Squad Squad

Response Modes

⚠️ Experimental — Squad is alpha software. APIs, commands, and behavior may change between releases.

Try this to get concise answers:

Respond in terse mode — just the facts

Try this to speed up simple tasks:

Use lightweight mode for quick fixes

Squad automatically picks the right response mode based on complexity — from instant direct answers (2s) to full multi-agent parallel work (60s). You can override anytime.


The Four Modes

Not every request needs the full agent machinery.

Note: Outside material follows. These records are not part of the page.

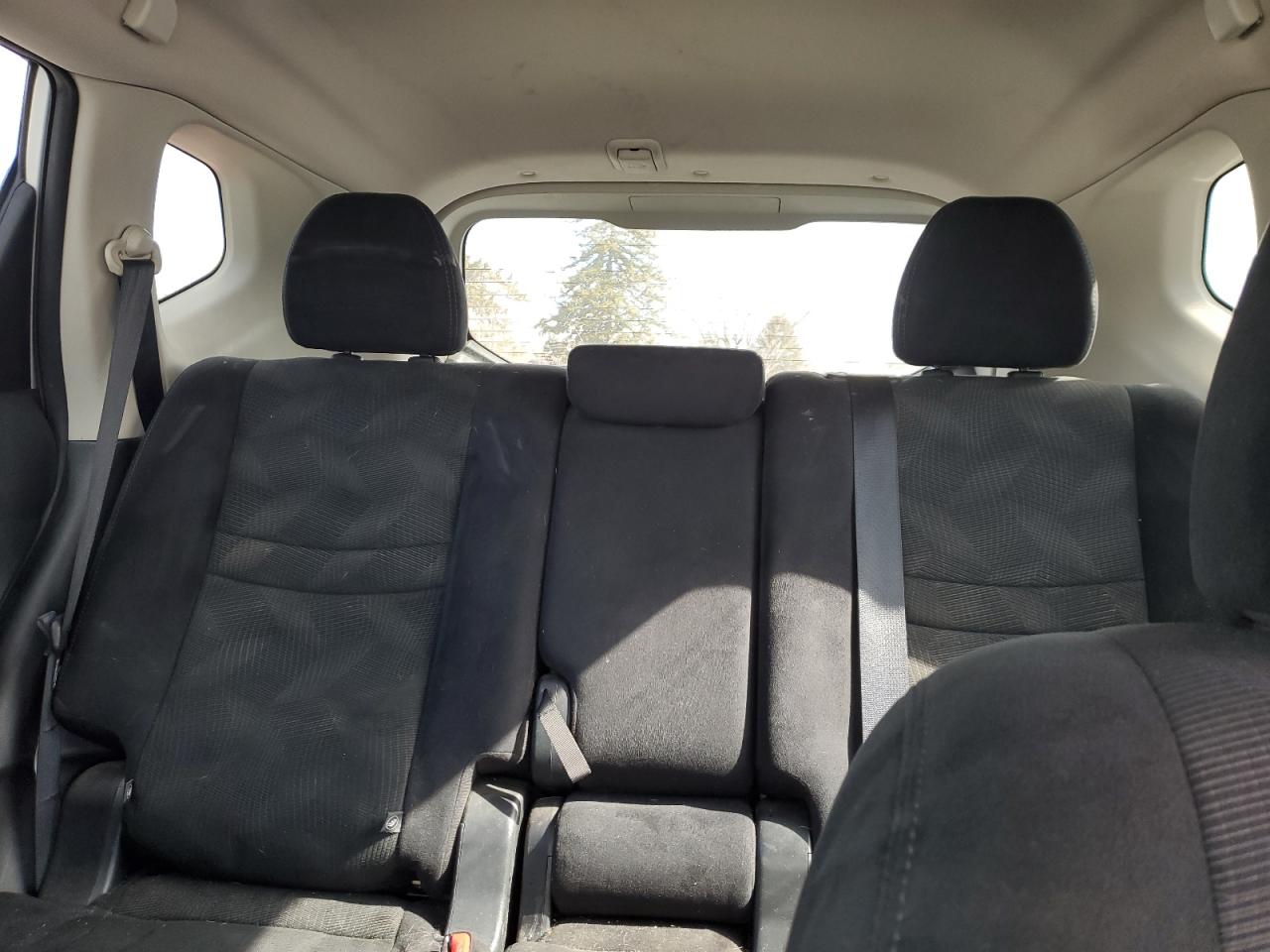 2016 Nissan Rogue - Image 10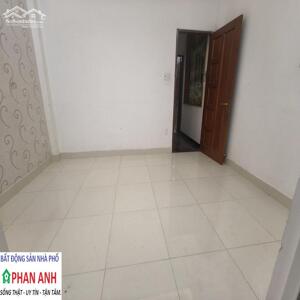 Sáng đi Metro, chiều dạo phố: Cuộc sống tiện nghi tại căn nhà phố Thủ Đức sát vách Nguyễn Văn Bá.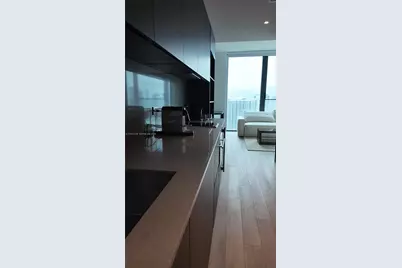 20 NE 11th St #1505, Miami, FL 33132 - Photo 1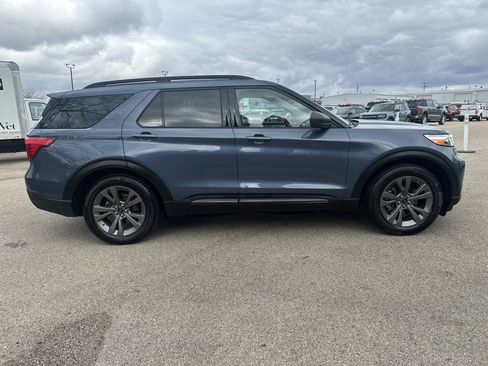 Used 2021 Ford Explorer XLT w/ Equipment Group 202A image 8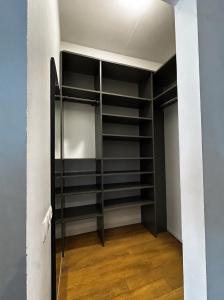Bright Apartment near Marjanishvili Metro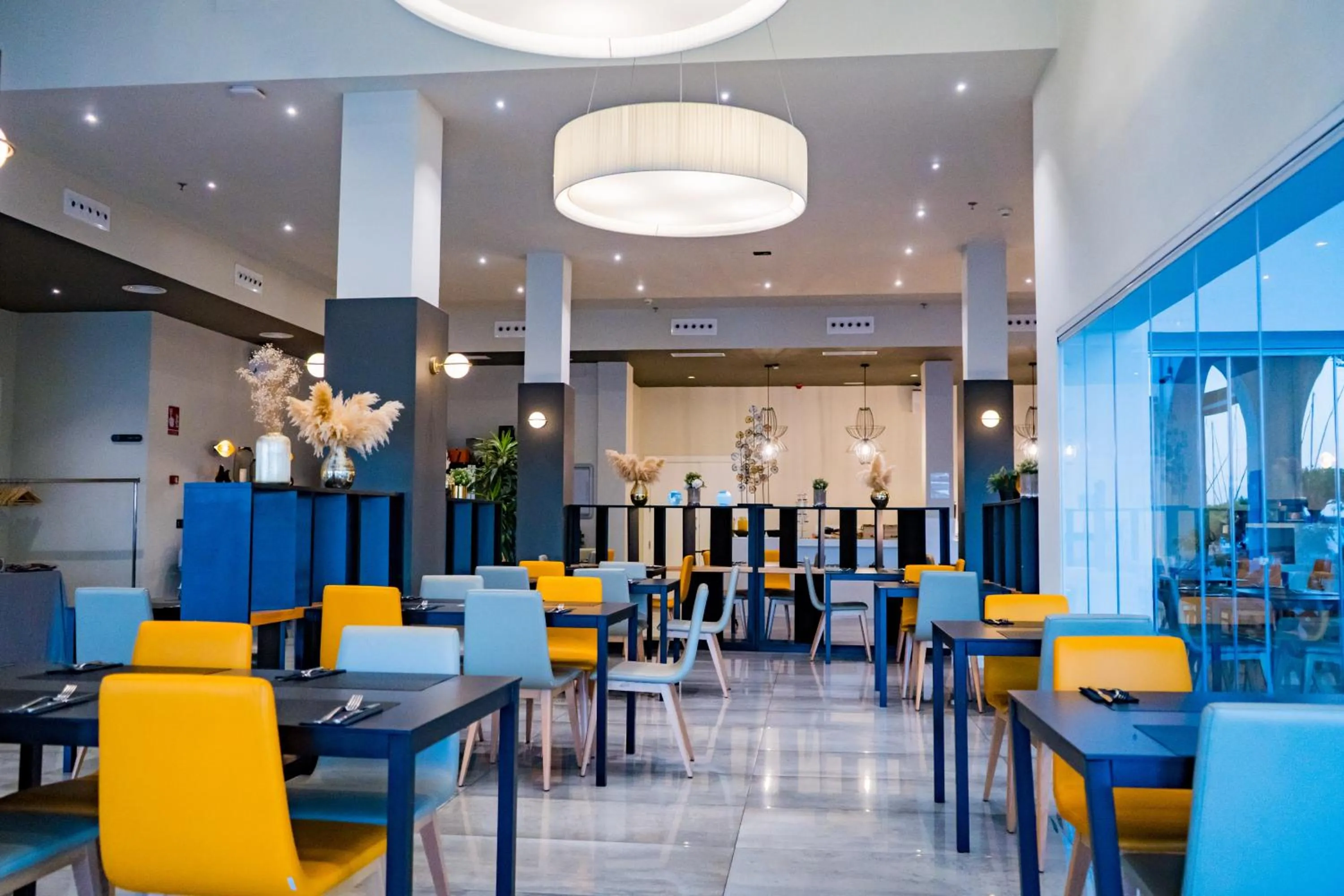 Restaurant/places to eat in Moon Hotel & SPA.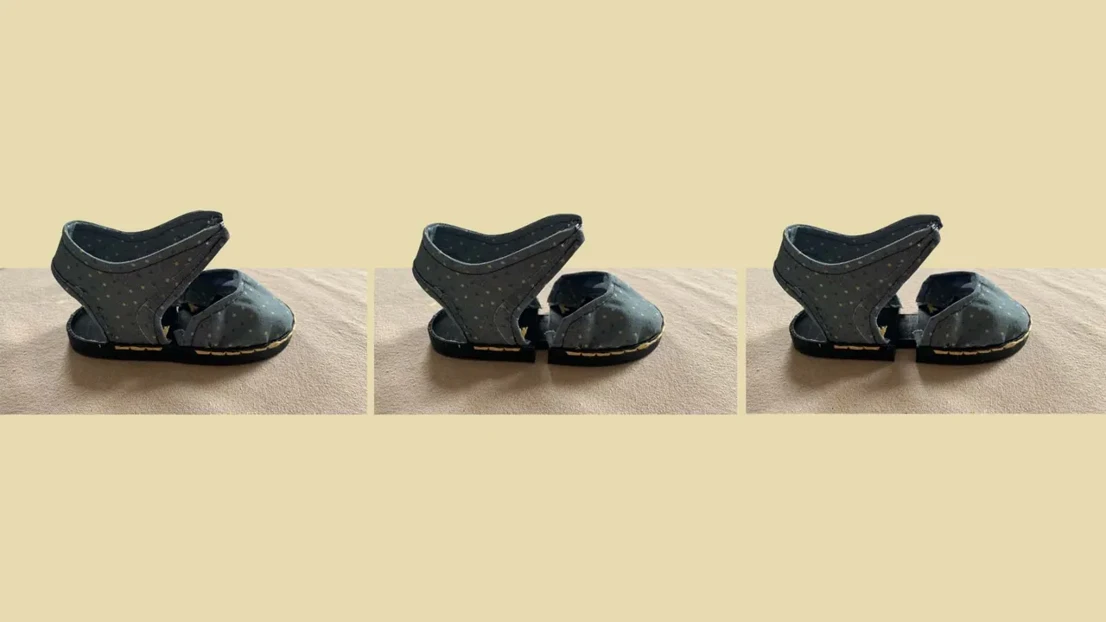 Prototypes in three different sizes (EU 22, 23, and 24)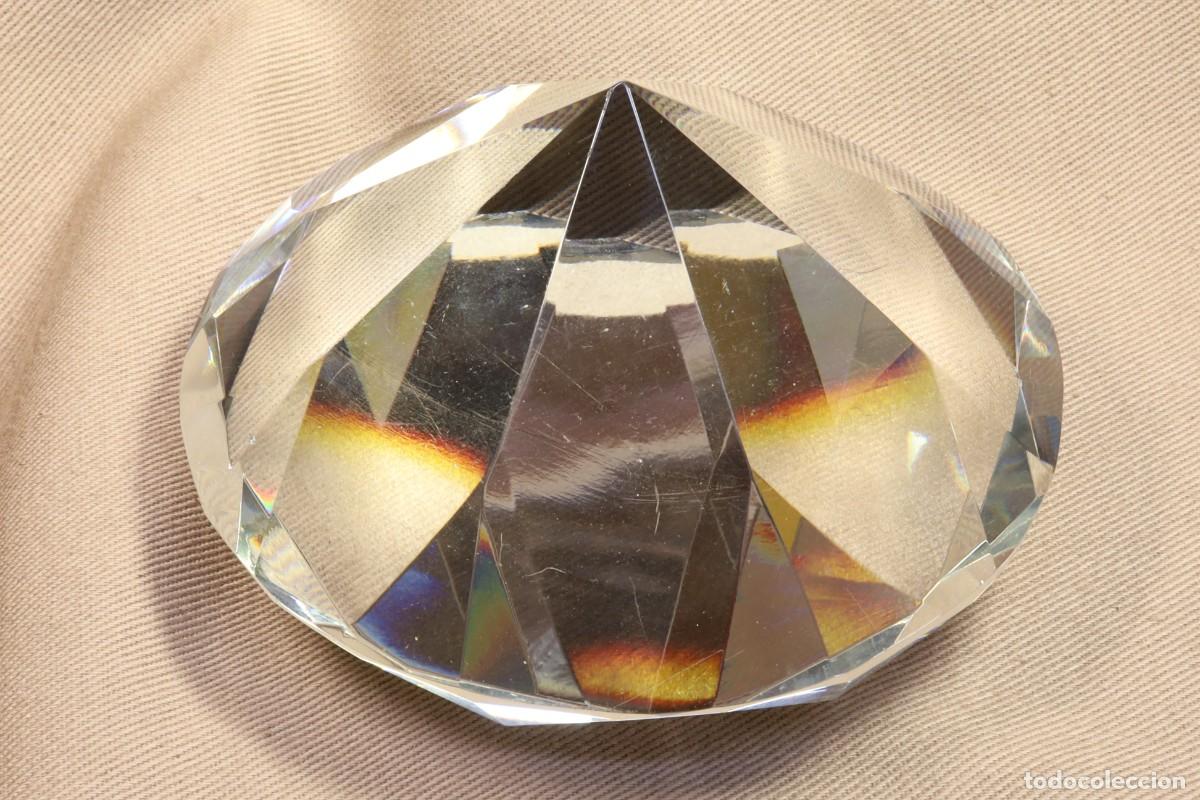 Vintage: Brillante decorativo transparente. Shiny decorative transparent.
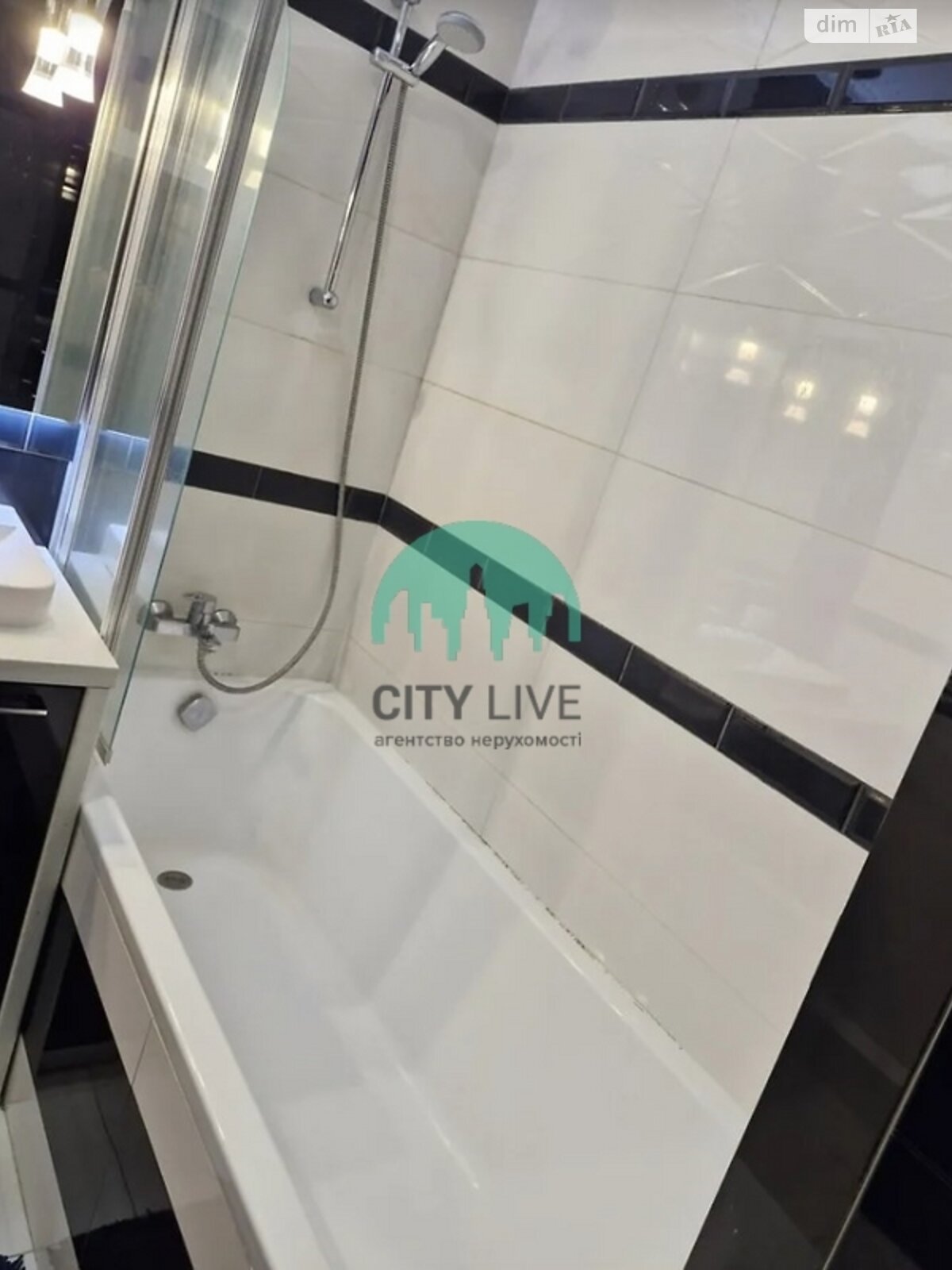 трехкомнатная квартира в Ивано-Франковске, район Бам, на ул. Довженко А. 23А в аренду на долгий срок помесячно фото 1 трехкомнатная квартира в Ивано-Франковске, район Бам, на ул. Довженко А. 23А в аренду на долгий срок помесячно фото 1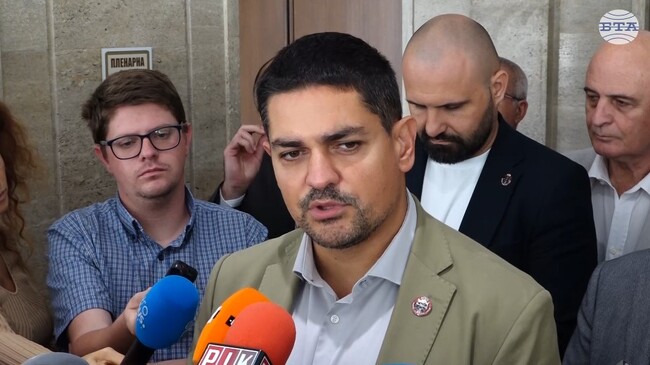 Днес трябва да сме събрали подписите и да депозираме общ вот на недоверие с ПП-ДБ, каза лидерът на МЕЧ Радостин Василев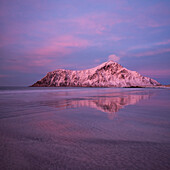 Hustind mountain peak glows pink over Skagsanden beach, Flakstad, Flakstad??y, Lofoten Islands, Norway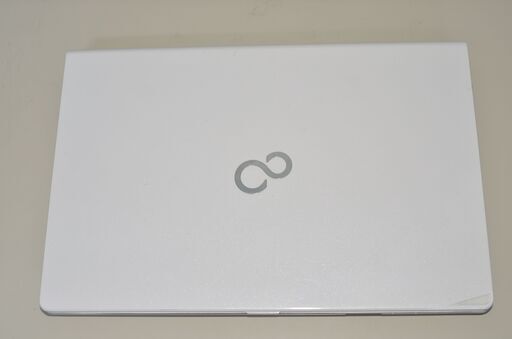 軽量ノートPC 最新Windows11+office 爆速SSD256GB 富士通 LIFEBOOK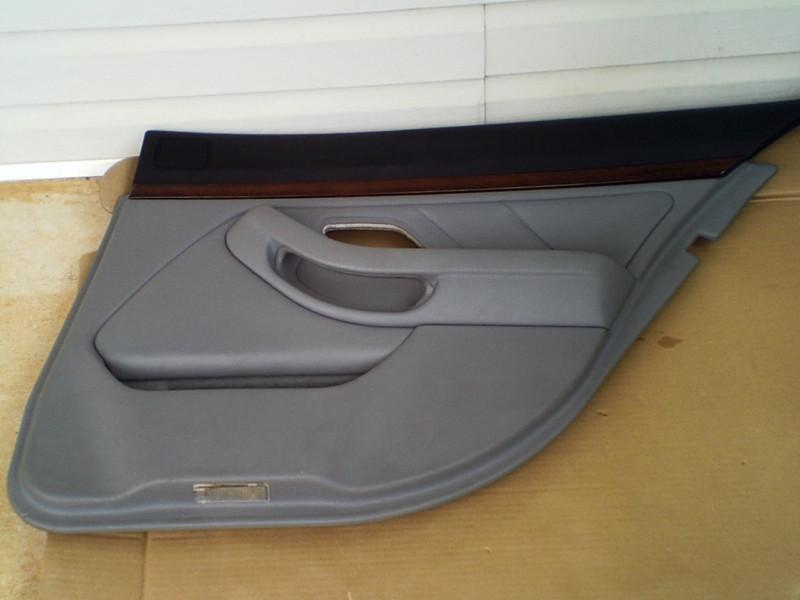 97-03 bmw e39 right rear interior door panel oem 528 530 525 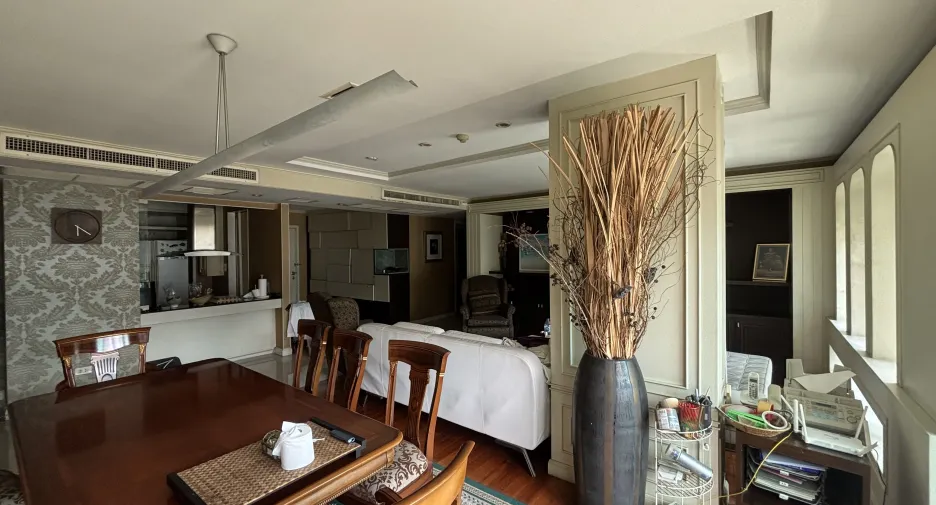 For sale 7 bedrooms condo in Pathum Wan, Bangkok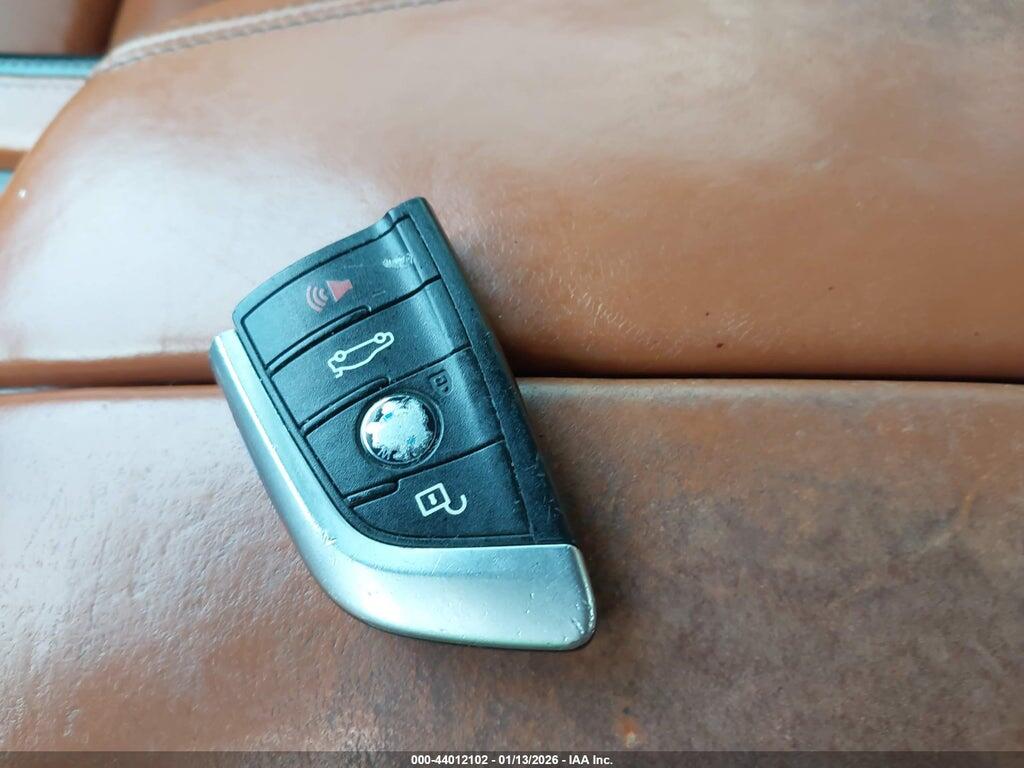 5YMKW8C56G0R43623 2016 BMW X6 M photo no. 11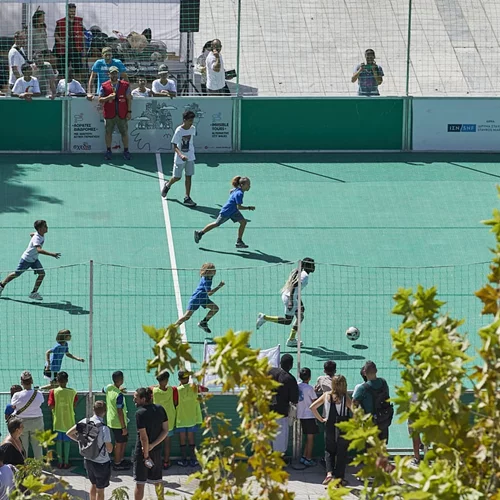 "Γκολ στη Φτώχεια": Τι κοινό έχουν η αλληλεγγύη, η ελπίδα και το ποδόσφαιρο;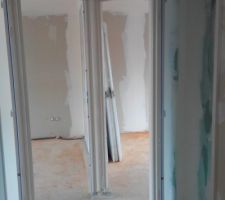 Couloir (vue sur chambres)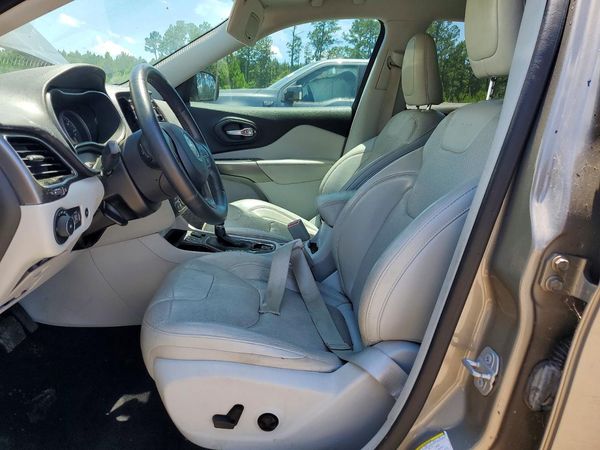 2019 JEEP CHEROKEE Limited — DENT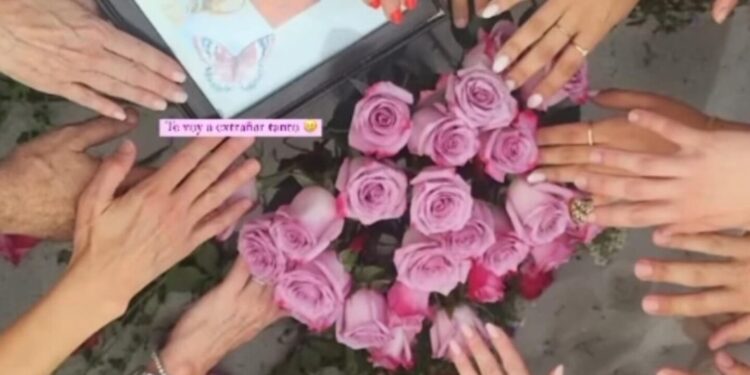 Le dan con un ritual el último adiós a la conductora de primer impacto víctima de cáncer. ¡FOTO!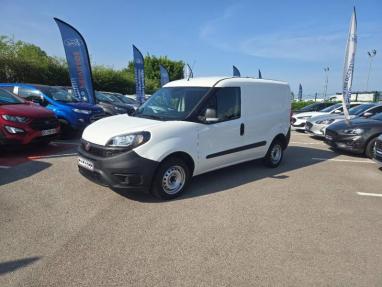 Voir le détail de l'offre de cette FIAT Doblo Cargo 1.3 Multijet 95ch Business de 2021 en vente à partir de 167.16 €  / mois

Squad automatically selects a response mode based on the complexity of your message.

ModeTimeWhat HappensWhen Used
Direct~2–3sCoordinator answers without spawning an agentStatus checks, factual questions
Lightweight~8–12sOne agent, minimal prompt — skips charter, history, and decisionsSmall fixes, quick follow-ups
Standard~25–35sFull agent spawn with charter, history, and decisionsNormal work requests
Full~40–60sMultiple agents spawn in parallel, each with full contextComplex multi-domain tasks

Direct

The coordinator handles it alone — no sub-agent is spawned. This isn’t a response mode in the SDK sense; the coordinator answers the question itself using context it already has (team roster, decisions, history).

> What port does the server run on?
> Where are we on the auth work?
> Who's on the team?

Fast answers from context the coordinator already has. If the coordinator responds with DIRECT:, no agent session is created.

Lightweight

One agent is spawned with a reduced prompt — skips loading charter, history, and decisions to save time.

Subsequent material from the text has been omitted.